### Action item:
Every line from the line containing "پنکه سه کاره" through the end of the data is to be reproduced exactly, excluding pictures.

### Provided material:
┏━━

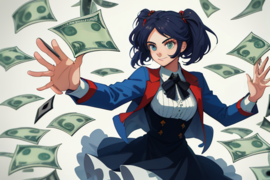 方特门票多少钱?（太原方特门票多少钱）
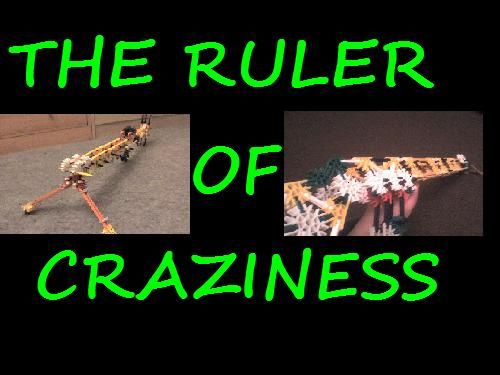 the-ruler-of-craziness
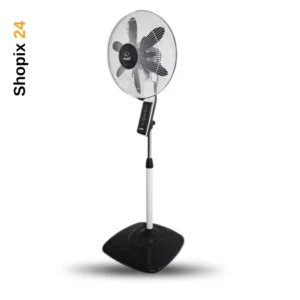 پنکه سه کاره هاوایی (رو میزی، ایستاده، دیواری) مدل H2503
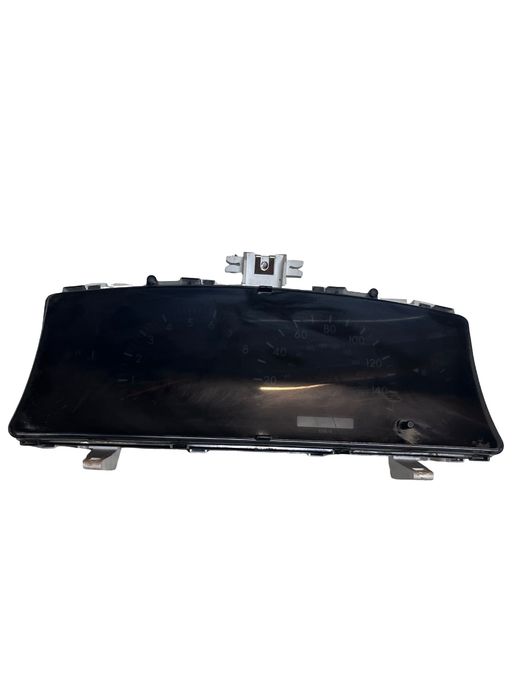 Ceas De Bord (Uk) Toyota Corolla Verso _E12_ 2001 - 2004 1.8I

┗━━

### Reply to the exercise:
 پنکه سه کاره هاوایی (رو میزی، ایستاده، دیواری) مدل H2503
 Ceas De Bord (Uk) Toyota Corolla Verso _E12_ 2001 - 2004 1.8I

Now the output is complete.